**Information shown**
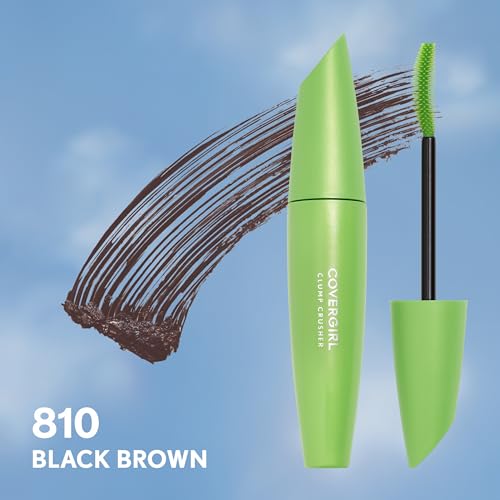 CoverGirl Clump Crusher Mascara straight-edge saturates lashes with rich color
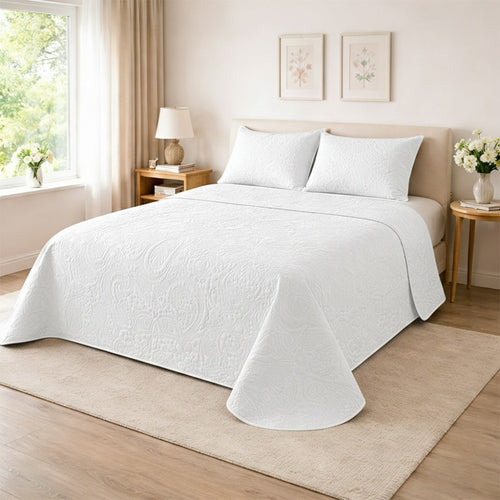 MANEMI - Colcha bouti para verano y entretiempo - Colcha para cama inluye 1 o 2 funda de cojin segun la medida，Colcha cubre cama 100% poliester, suave y transpirable. El diseño de la funda de cojin puede variar según el corte del tejido pro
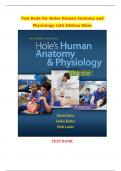 Test Bank for Holes Human Anatomy and Physiology 13th Edition Shier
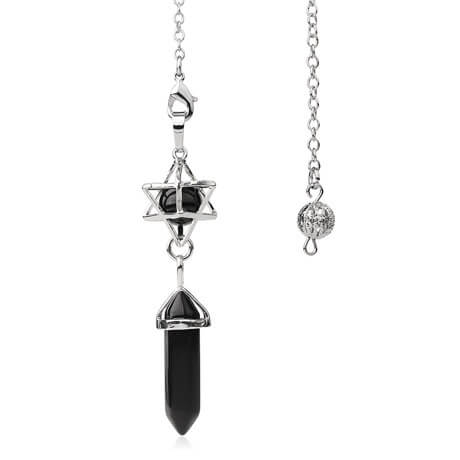 Pendule Divinatoire Merkaba Pierre Naturelle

**Task description**
Would you give the material back exactly, minus the pictures?

**Output for this task**
 CoverGirl Clump Crusher Mascara straight-edge saturates lashes with rich color
 MANEMI - Colcha bouti para verano y entretiempo - Colcha para cama inluye 1 o 2 funda de cojin segun la medida，Colcha cubre cama 100% poliester, suave y transpirable. El diseño de la funda de cojin puede variar según el corte del tejido pro
 Test Bank for Holes Human Anatomy and Physiology 13th Edition Shier
 Pendule Divinatoire Merkaba Pierre Naturelle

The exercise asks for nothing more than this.